*** Opening of Information given ***

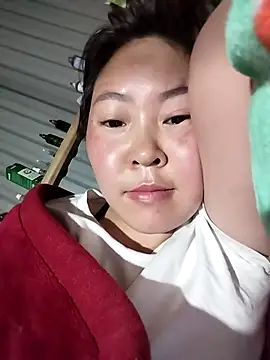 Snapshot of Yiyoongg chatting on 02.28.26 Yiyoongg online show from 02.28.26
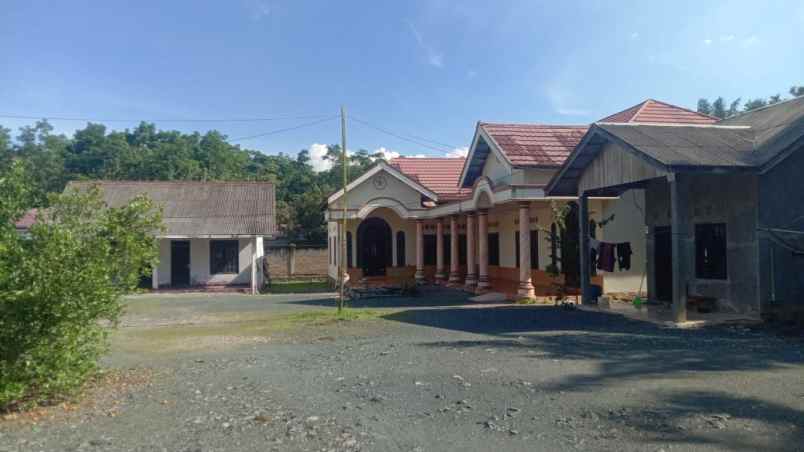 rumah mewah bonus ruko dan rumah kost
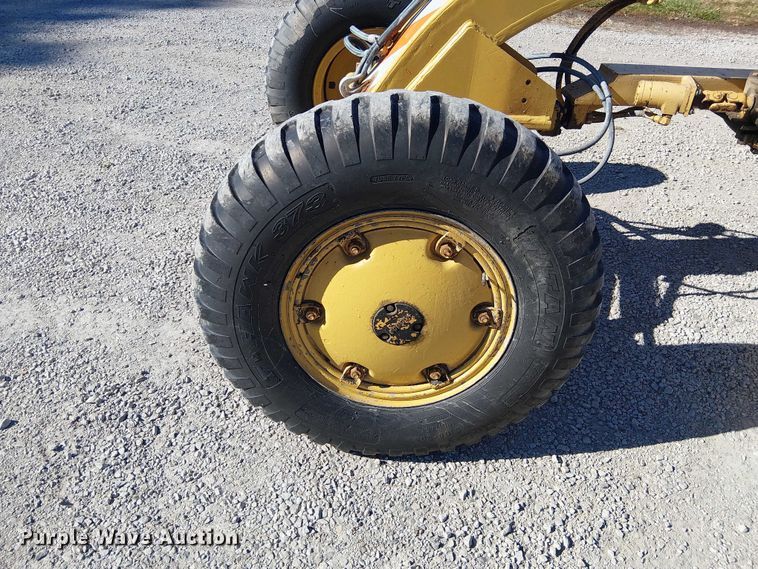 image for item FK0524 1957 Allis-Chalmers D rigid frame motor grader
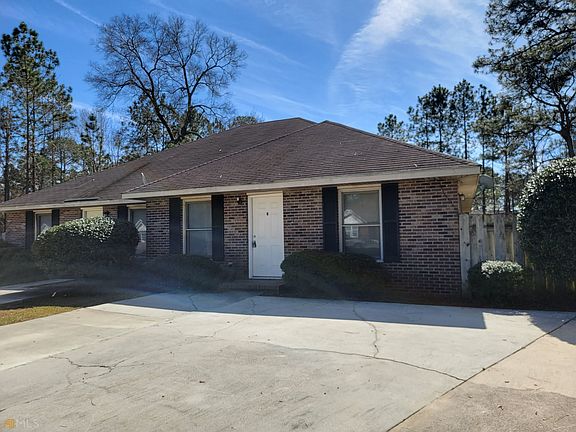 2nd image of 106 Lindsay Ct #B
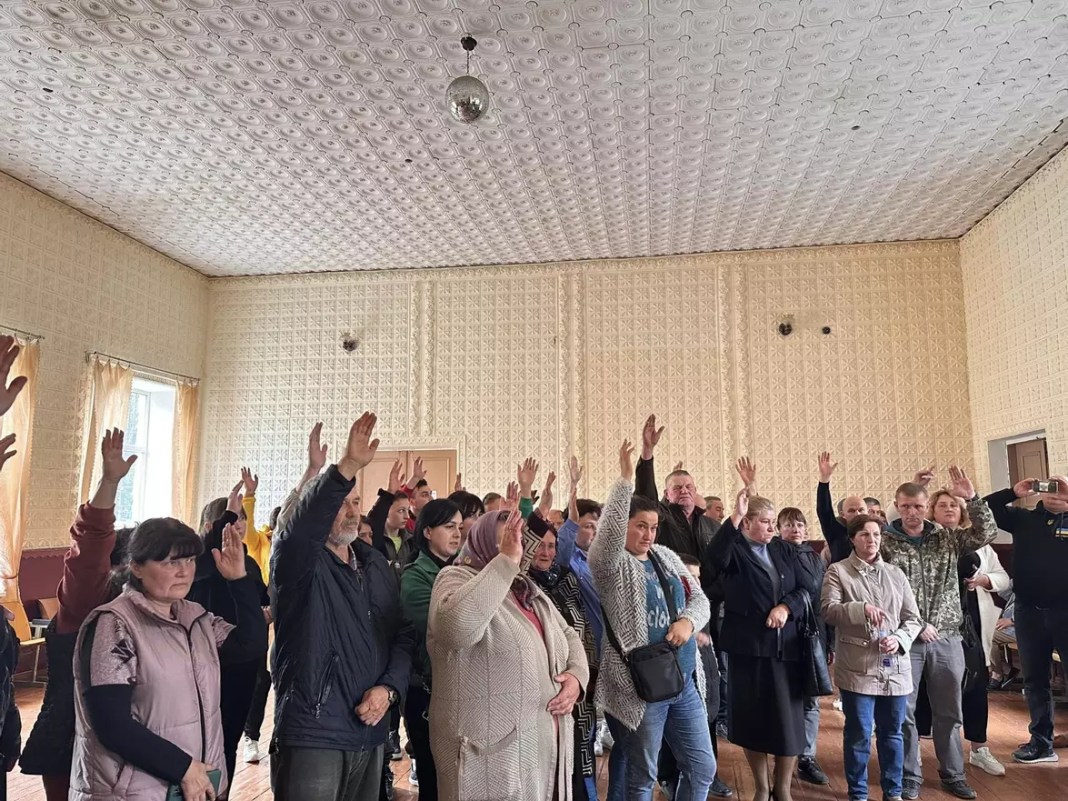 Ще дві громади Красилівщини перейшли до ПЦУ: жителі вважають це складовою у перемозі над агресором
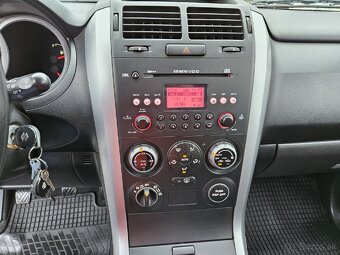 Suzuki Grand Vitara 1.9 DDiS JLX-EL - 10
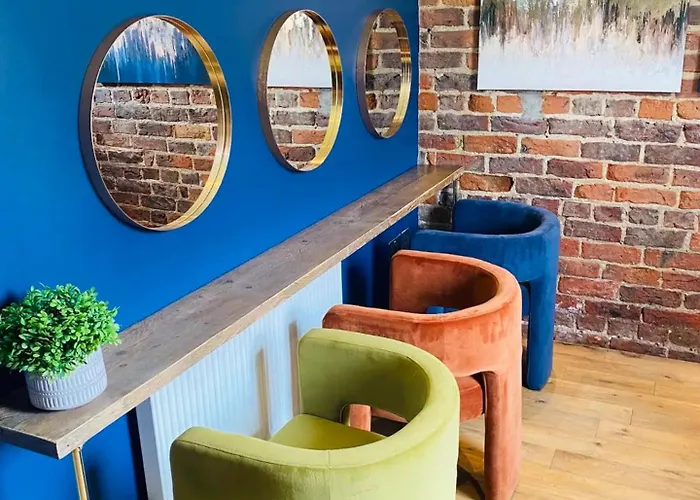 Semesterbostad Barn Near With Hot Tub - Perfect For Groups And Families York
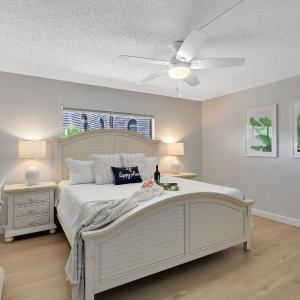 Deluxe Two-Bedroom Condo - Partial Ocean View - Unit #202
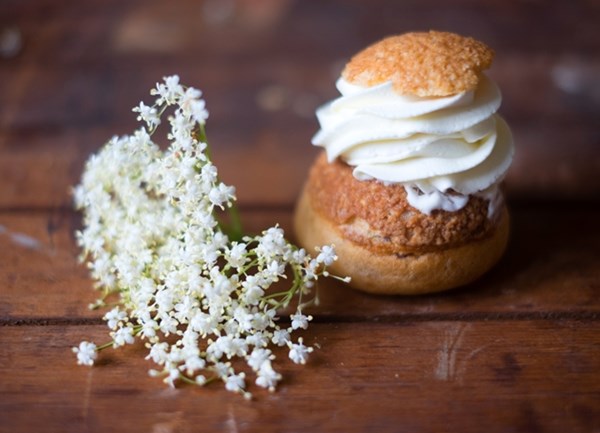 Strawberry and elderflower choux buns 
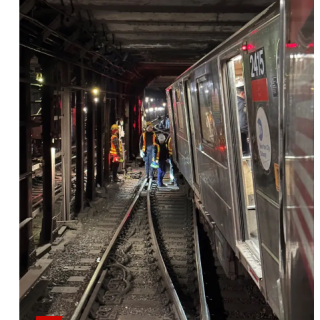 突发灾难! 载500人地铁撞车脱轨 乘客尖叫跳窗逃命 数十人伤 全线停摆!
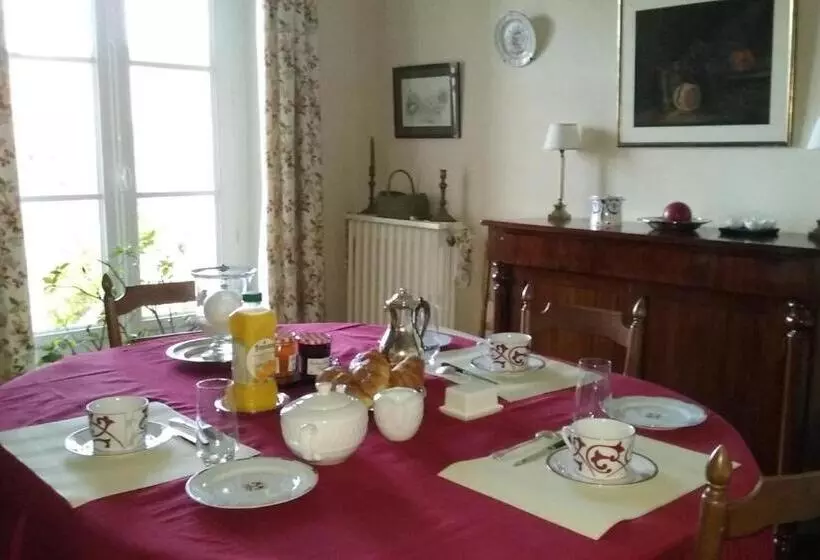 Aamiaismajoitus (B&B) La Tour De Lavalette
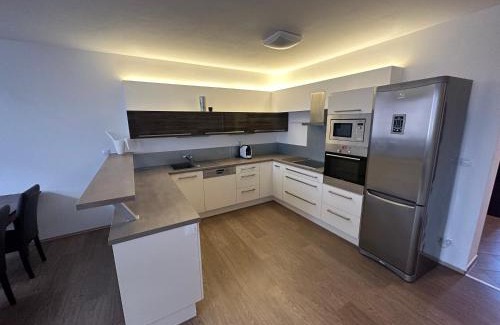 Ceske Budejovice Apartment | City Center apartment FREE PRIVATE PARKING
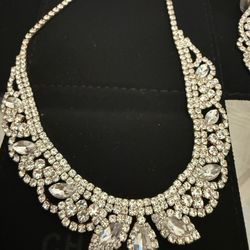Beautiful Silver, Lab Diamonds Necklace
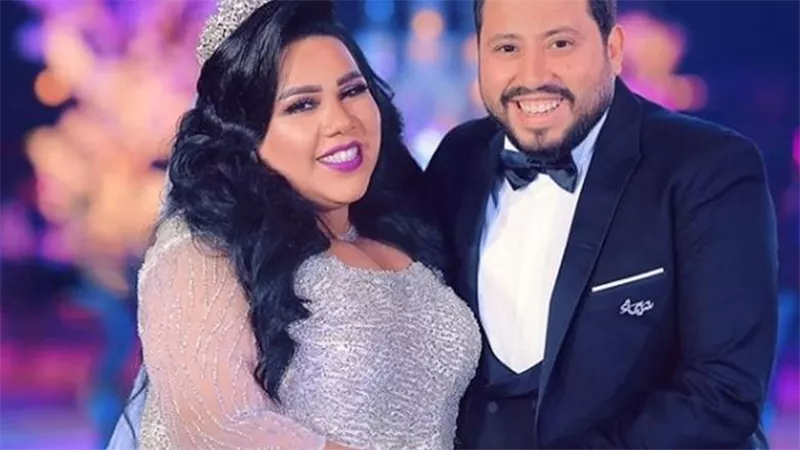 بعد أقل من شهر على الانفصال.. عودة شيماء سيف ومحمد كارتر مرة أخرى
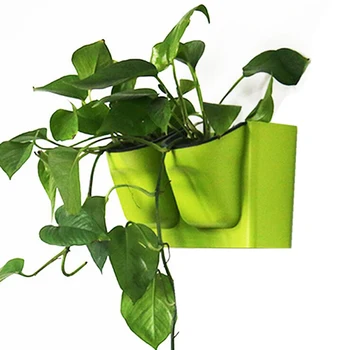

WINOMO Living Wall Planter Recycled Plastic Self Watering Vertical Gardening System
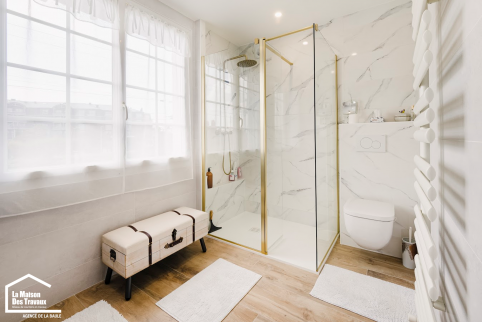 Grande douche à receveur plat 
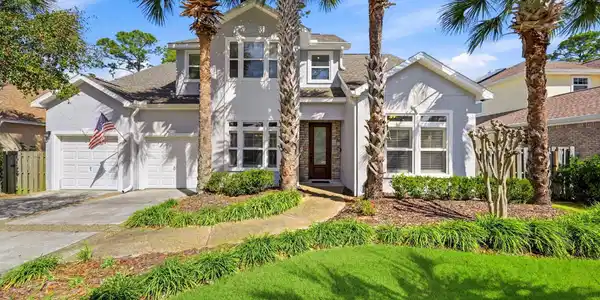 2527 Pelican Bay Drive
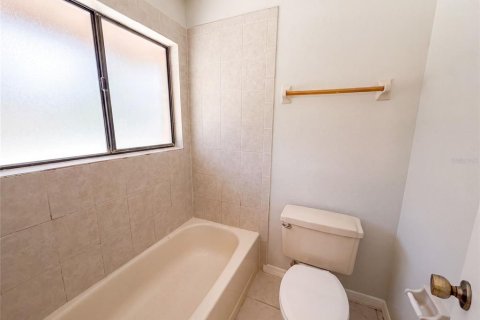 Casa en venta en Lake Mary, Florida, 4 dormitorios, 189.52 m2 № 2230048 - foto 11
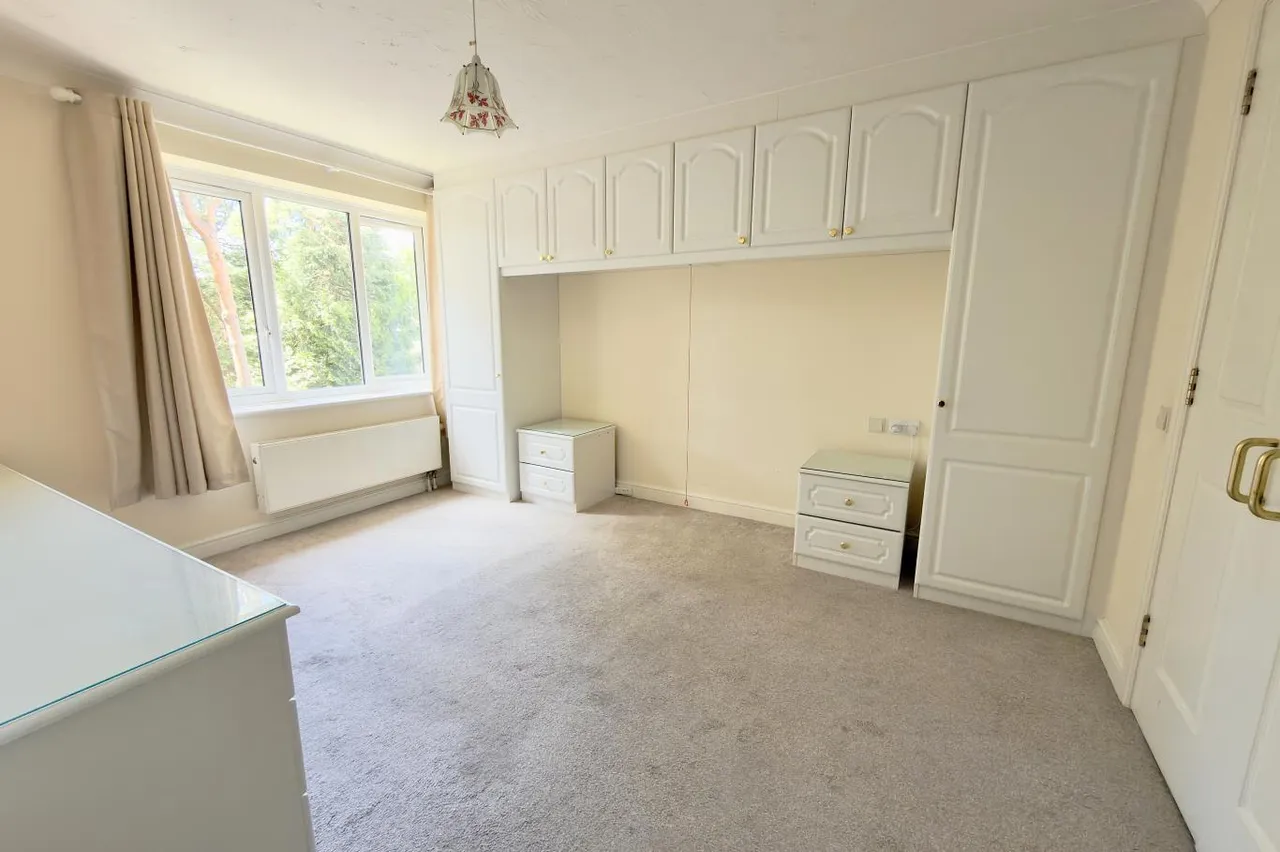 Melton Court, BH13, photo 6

*** Close of Information given ***

The entries above should be given again exactly, minus any pictures.

 Snapshot of Yiyoongg chatting on 02.28.26 Yiyoongg online show from 02.28.26
 rumah mewah bonus ruko dan rumah kost
 image for item FK0524 1957 Allis-Chalmers D rigid frame motor grader
 2nd image of 106 Lindsay Ct #B
 Ще дві громади Красилівщини перейшли до ПЦУ: жителі вважають це складовою у перемозі над агресором
 Suzuki Grand Vitara 1.9 DDiS JLX-EL - 10
 Semesterbostad Barn Near With Hot Tub - Perfect For Groups And Families York
 Deluxe Two-Bedroom Condo - Partial Ocean View - Unit #202
 Strawberry and elderflower choux buns 
 突发灾难! 载500人地铁撞车脱轨 乘客尖叫跳窗逃命 数十人伤 全线停摆!
 Aamiaismajoitus (B&B) La Tour De Lavalette
 Ceske Budejovice Apartment | City Center apartment FREE PRIVATE PARKING
Beautiful Silver, Lab Diamonds Necklace
 بعد أقل من شهر على الانفصال.. عودة شيماء سيف ومحمد كارتر مرة أخرى

WINOMO Living Wall Planter Recycled Plastic Self Watering Vertical Gardening System
 Grande douche à receveur plat 
 2527 Pelican Bay Drive
 Casa en venta en Lake Mary, Florida, 4 dormitorios, 189.52 m2 № 2230048 - foto 11
 Melton Court, BH13, photo 6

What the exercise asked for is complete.